I know I have said it before, but this time, I am going to really try to start updating this thing on a regular basis. I haven't been on the site much the last several months, but now I'm back.

So, what's new? Well, I have recently become obsessed with "The Office". I went from a casual viewer last season to a regular viewer and now an obsessive who has devoured the first two seasons' DVDs in a weekend and spends a good portion of the day at work on Office fansites.

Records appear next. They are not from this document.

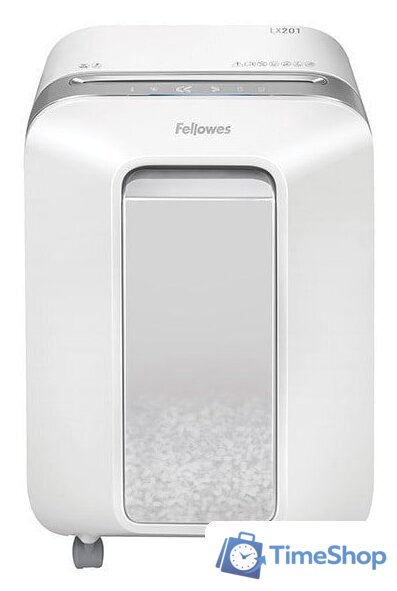 Шредер Fellowes Powershred LX201 (белый) - Изображение №1 — Интернет-магазин Time-Shop
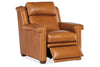 Image of Dale Dual Power "Wall Hugger" Leather Furniture Collection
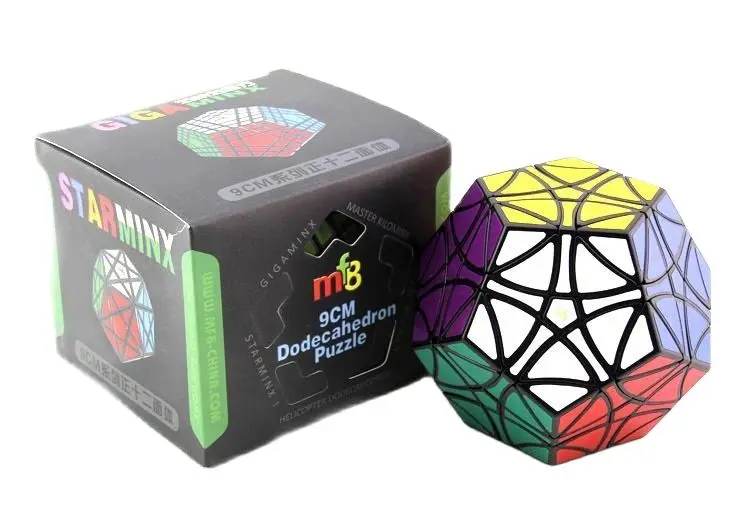 MF8 вертолет dodecahedron Gigaminx волшебный куб скоростная головоломка профессиональная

Speaking of TV shows, while I am writing this I am watching Gilmore Girls, at one time one of my favorite shows. It has now become a prime example of my argument that there should be an FCC regulation that all TV series should only last five years. After that, some shows, such as The Simpsons, could apply for exemptions that would have to be renewed every year (The Simpsons' would have been denied after about season 12).
JUNE 22, 2006 @ 09:18 PM | 1 COMMENT


I just finished "Our Band Could be Your Life", a book about the 80s underground music scene and it has left me in confused state of inspiration and depression. The book details how people like Ian MaKaye, Calvin Johnson, Sonic Youth and others were able to build up an entire music scene out of nothing and follow their creative impulse. Most of them did it when they were my age or younger. I have realized that I really need to start doing more with my life.
JUNE 13, 2006 @ 08:14 PM | NO COMMENTS


This evening, I went up to North Mesa to take some pictures of Red Mountain. Once you pass the 202 freeway, you leave Mesa, bland American suburb, and you are suddenly in the middle of nowhere. Somewhere out there, the Salt River Indian Reservation begins, but I am not sure where.

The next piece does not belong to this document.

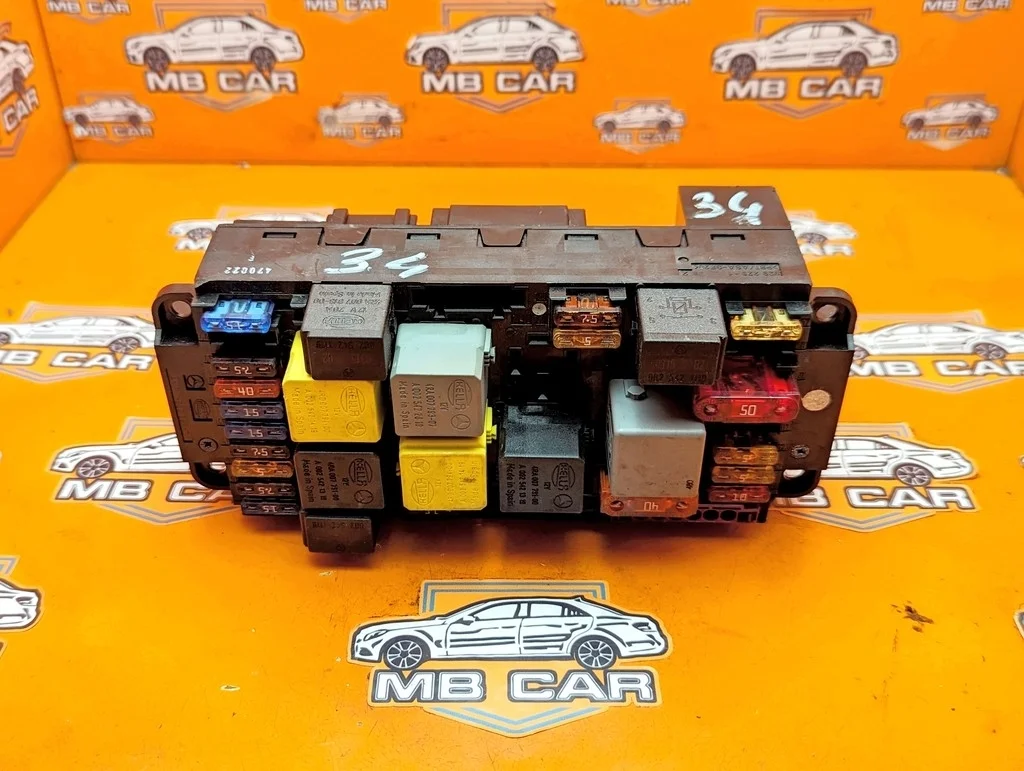 Блок SAM передний Mercedes-Benz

As I am driving along looking for a good spot, I suddenly come upon a tiny cemetery, the kind you see in old westerns. Most of the graves were marked with simple white wood slats and are arranged as burial mounds, with stones marking the outline around them and small trinkets on the mound. I can't even begin to describe how beautiful it was in the setting sun, off by itself, on the bank of the dry Salt River bed, with Red Mountain and the Superstitions off in the distance and the lonely 87 highway trailing off in the distance.

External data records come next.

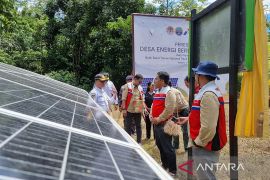 Pembentukan desa energi berdikari di Indonesia mencapai 86 desa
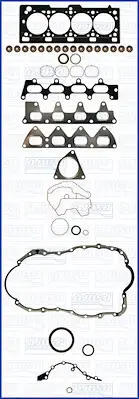 Full Engine Rebuild Gasket Set RENAULT CLIO III 16V 1.6 112 K4M-801 (2005-)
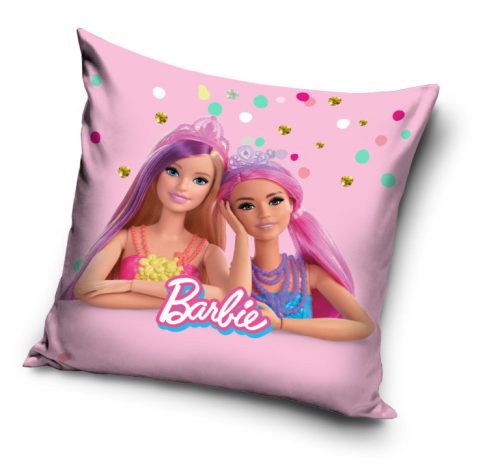 Barbie Friends față de pernă 40x40 cm velur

I got out to look and sure enough, though there were a few recent burials, but many of the deaths date back a century or more. I don't know the name of it, how long it has been there, or who the people are the still use it (most of the graves, even the old ones, had fresh flowers on them). It seems to be a relic from our pre-suburb days, when Mesa really was a pioneer town. (For those of you not from the Phoenix area, this may need a little explanation. Our city has basically no architectural or cultural history that extends past WWII. It is rare to find a building built earlier than the '70s. And any history we do have was catalogued, packed up and put in museums and tourist attractions for the benefit of the "winter visitors" who come down from the midwest every winter. So, to find an unmolested, authentic link to our past, and not a kitschy simulacrum of it, is pretty amazing).

Needless to say, I burned up all the film I had with and am planning on going back tomorrow when the light is better. Quite an amazing experience.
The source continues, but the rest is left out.